Our bylaws provide that it may indemnify its officers, directors, agents and any other persons to the fullest extent permitted by the NRS.

23

PLAN OF DISTRIBUTION

We may sell the shares of our common stock subject to this prospectus from time to time in any manner permitted by the Securities Act, including any one or more of the following ways:

      directly to investors;

      to investors through agents;

      to dealers; and/or

      through one or more underwriters.

Any underwritten offering may be on a best efforts or a firm commitment basis. We may also make direct sales through subscription rights distributed to our stockholders on a pro rata basis, which may or may not be transferable. In any distribution of subscription rights to stockholders, if all of the underlying securities are not subscribed for, we may then sell the unsubscribed securities directly to third parties or may engage the services of one or more underwriters, dealers or agents, including standby underwriters, to sell the unsubscribed securities to third parties.

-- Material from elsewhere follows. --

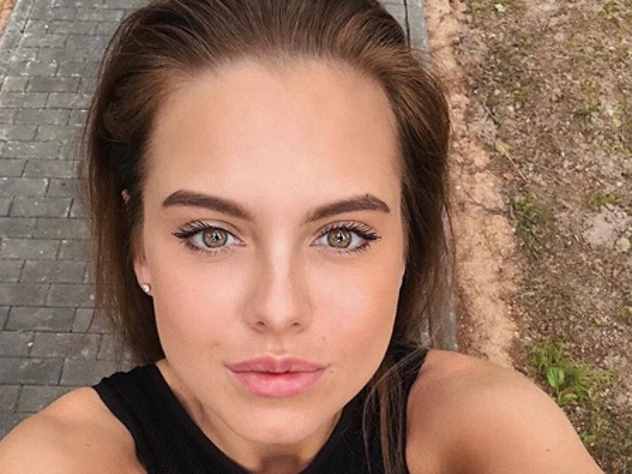 Известная модель, победительница проекта «Холостяк» Дарья Клюкина на своей страничке в социальной сети Instagram** поделилась с поклонниками восьмью желаниями, которые, судя по всему, пока не осуществились. Оказалось, что Клюкина, к примеру, безумно мечтает о картошке фри, однако тут же признается, что ей нельзя, потому что надо следить за фигурой.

Under agreements into which we may enter, underwriters, dealers and agents who participate in the distribution of the shares of common stock may be entitled to indemnification by us against some liabilities, including liabilities under the Securities Act, or contribution from us to payments which the underwriters, dealers or agents may be required to make. Underwriters, dealers and agents may engage in transactions with us or perform services for us from time to time in the ordinary course of business.

The distribution of the shares of common stock may be effected from time to time in one or more transactions:

      at a fixed price or prices, which may be changed;

      at market prices prevailing at the time of sale;

      at prices related to such prevailing market prices; or

      at negotiated prices.

Any of the prices may represent a discount from prevailing market prices.

Shares of common stock sold pursuant to the registration statement of which this prospectus is a part may not be listed or traded on any exchange or automated quotations system, but may be listed on the OTC Electronic Bulletin Board. The company’s shares may never be quoted on the OTC Bulletin Board or listed on an exchange. In the sale of the shares, underwriters or agents may receive compensation from us or from purchasers of the shares, for whom they may act as agents, in the form of discounts, concessions or commissions. Underwriters may sell the shares to or through dealers, and such dealers may receive compensation in the form of discounts, concessions or commissions from the underwriters and/or commissions from the purchasers for whom they may act as agents. Underwriters, dealers and agents that participate in the distribution of the securities may be deemed to be underwriters under the Securities Act of 1933, and any discounts or commissions they receive from us and any profit on the resale of securities they realize may be deemed to be underwriting discounts and commissions under the Securities Act.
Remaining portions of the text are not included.